With the images removed, reproduce each entry below word for word.

----

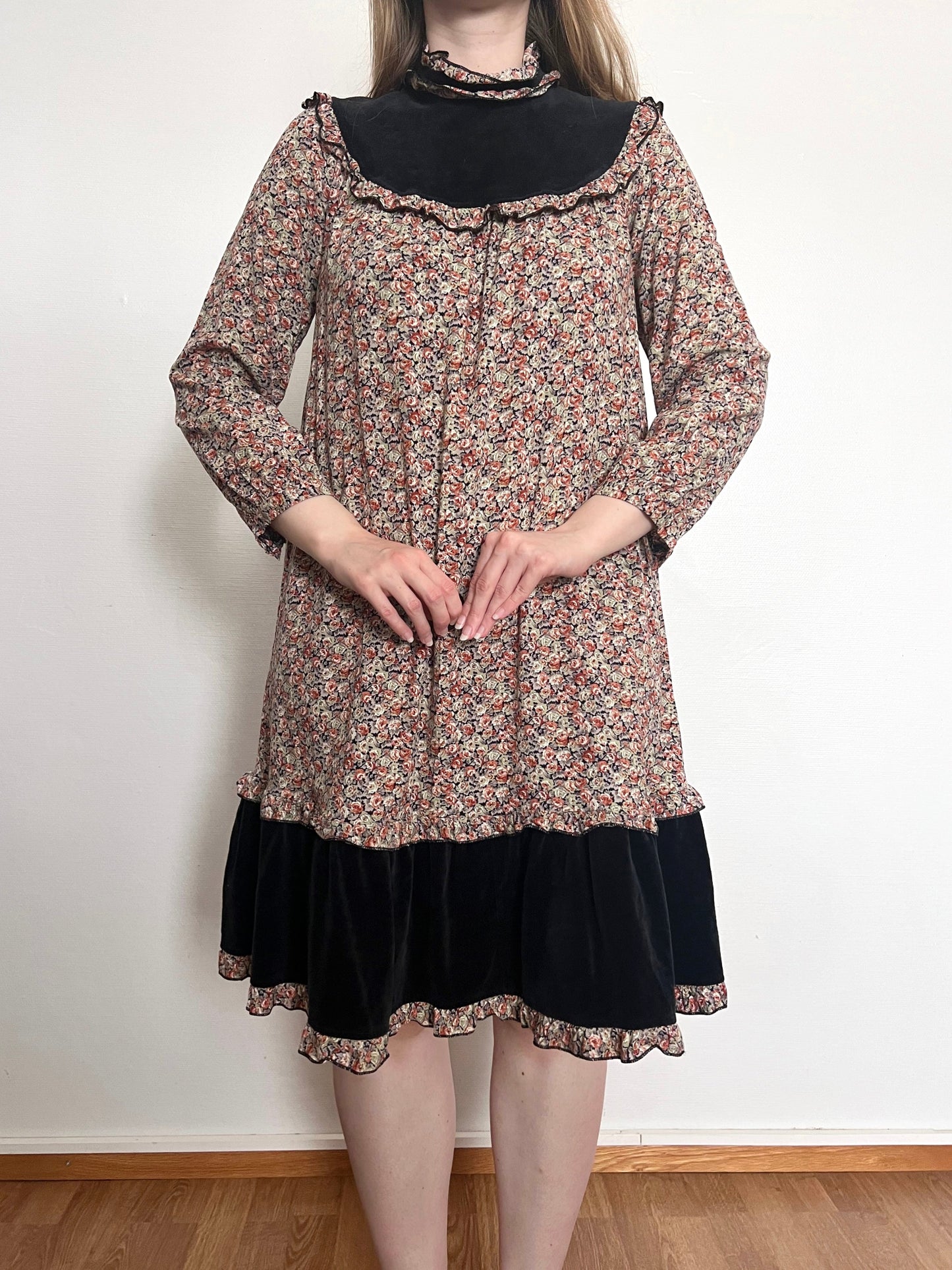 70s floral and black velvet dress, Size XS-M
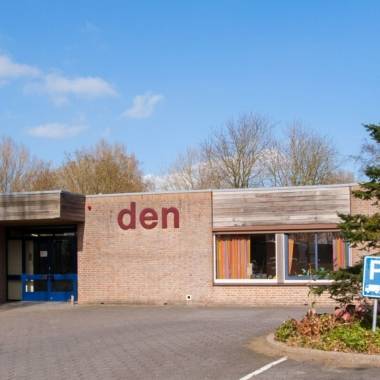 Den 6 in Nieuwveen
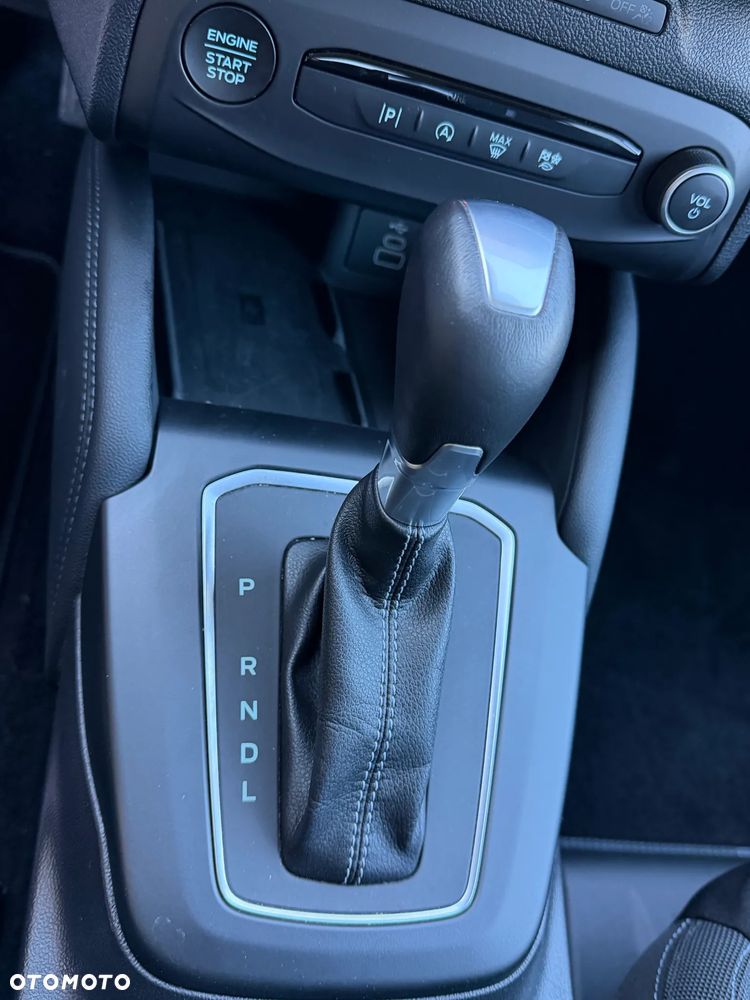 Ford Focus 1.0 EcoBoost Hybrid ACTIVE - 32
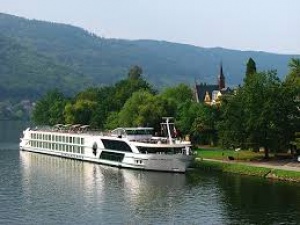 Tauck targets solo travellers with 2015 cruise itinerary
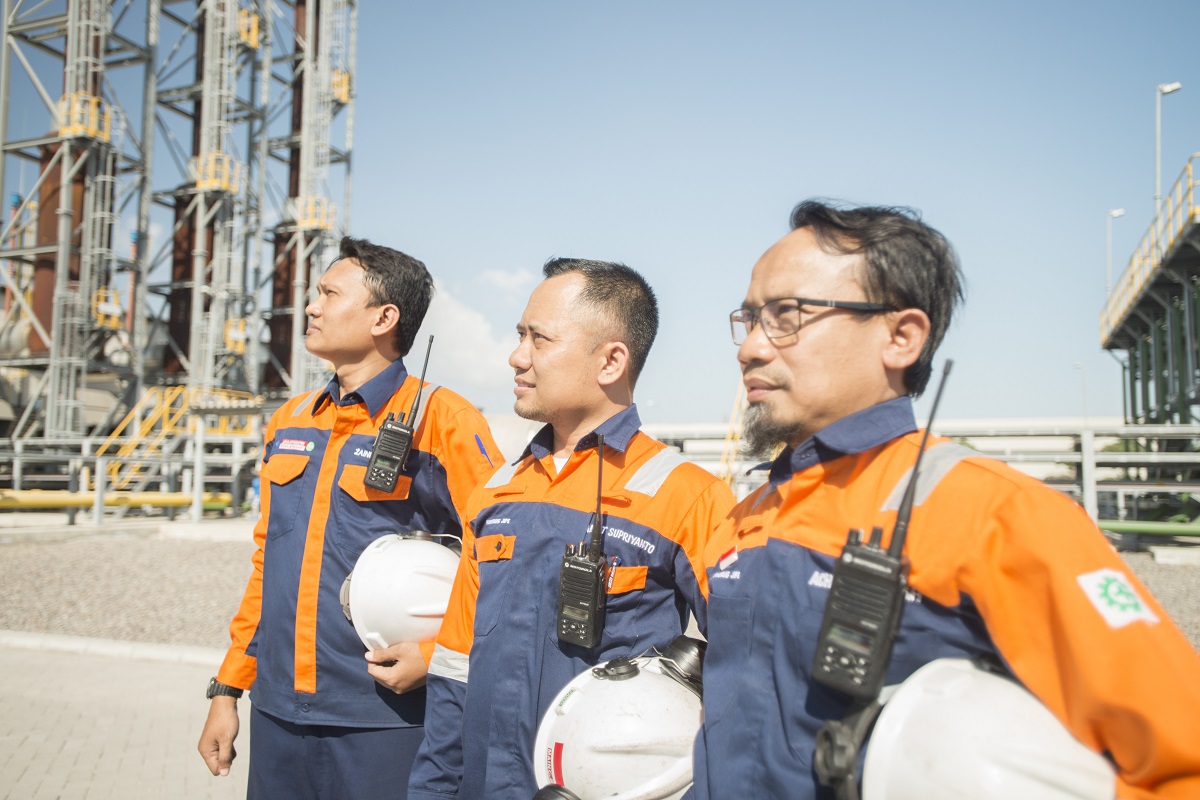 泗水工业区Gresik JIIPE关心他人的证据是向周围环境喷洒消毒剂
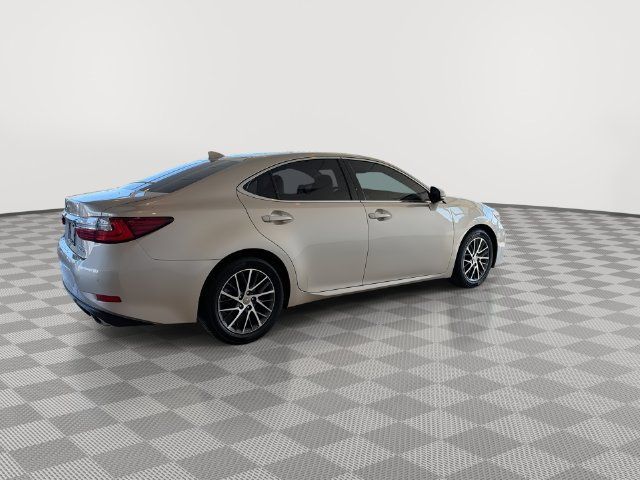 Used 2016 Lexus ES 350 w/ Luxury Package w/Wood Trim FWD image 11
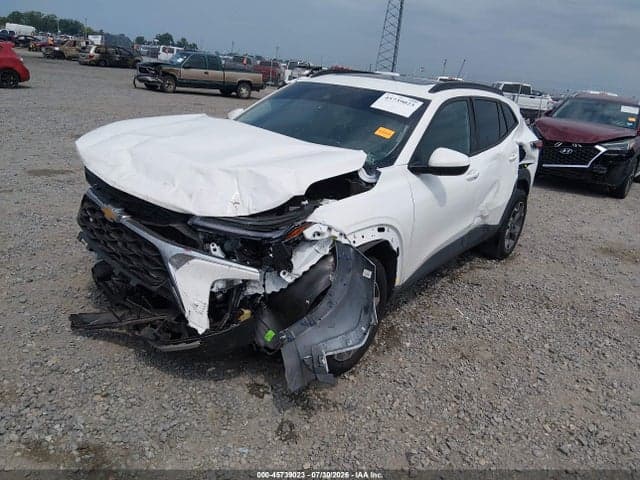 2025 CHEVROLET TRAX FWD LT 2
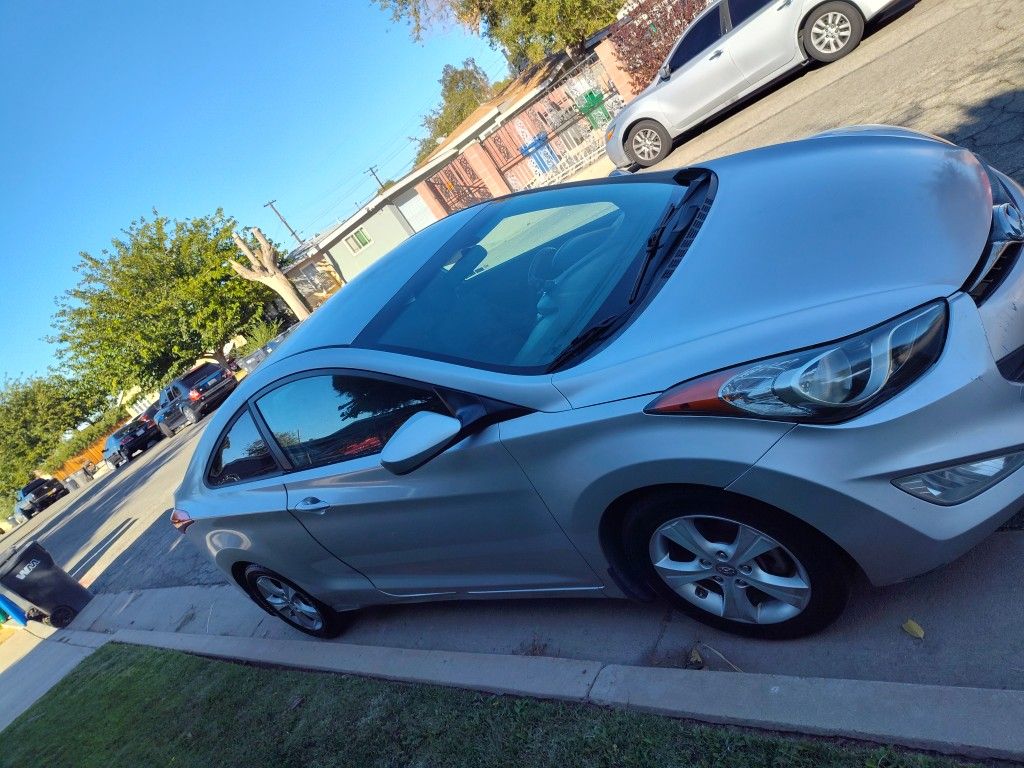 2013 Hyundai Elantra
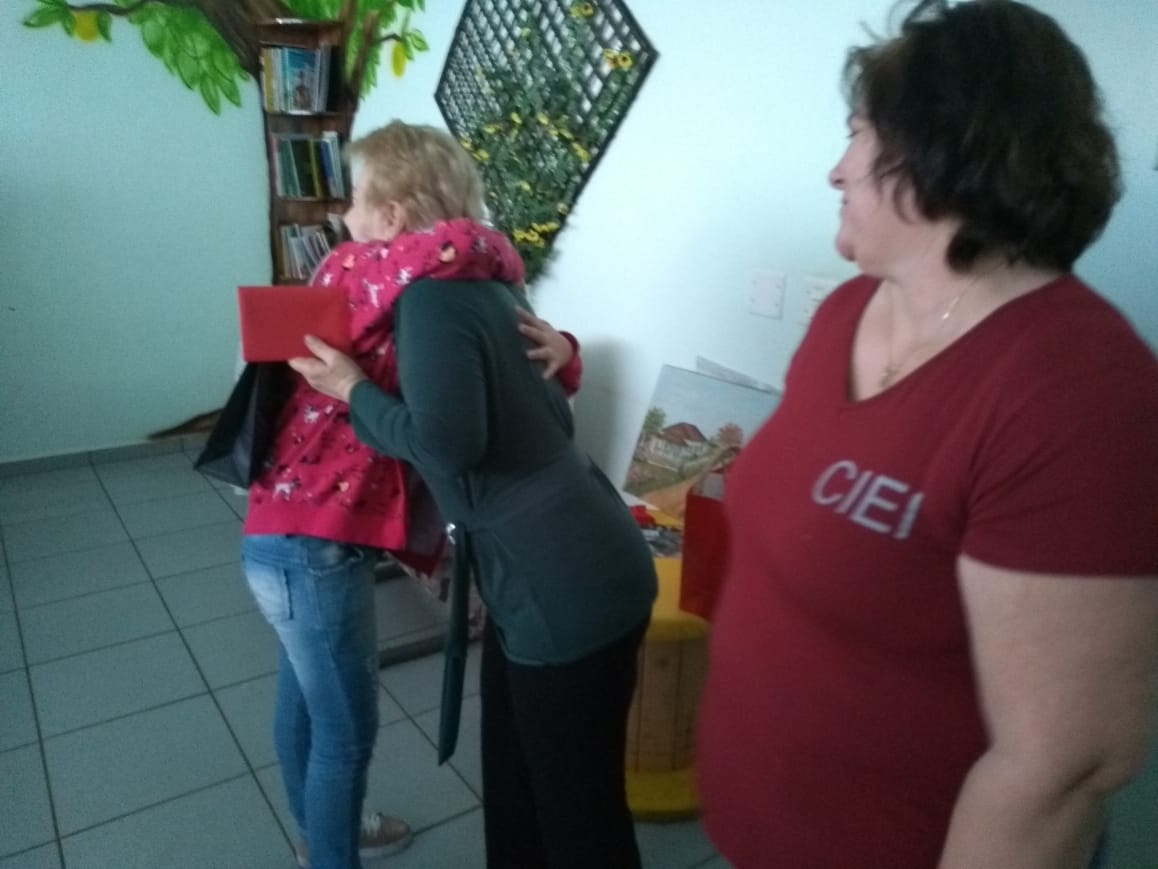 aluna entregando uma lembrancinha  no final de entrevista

----

Exercise output ▸
 70s floral and black velvet dress, Size XS-M
 Den 6 in Nieuwveen
 Ford Focus 1.0 EcoBoost Hybrid ACTIVE - 32
 Tauck targets solo travellers with 2015 cruise itinerary
 泗水工业区Gresik JIIPE关心他人的证据是向周围环境喷洒消毒剂
 Used 2016 Lexus ES 350 w/ Luxury Package w/Wood Trim FWD image 11
 2025 CHEVROLET TRAX FWD LT 2
 2013 Hyundai Elantra
 aluna entregando uma lembrancinha  no final de entrevista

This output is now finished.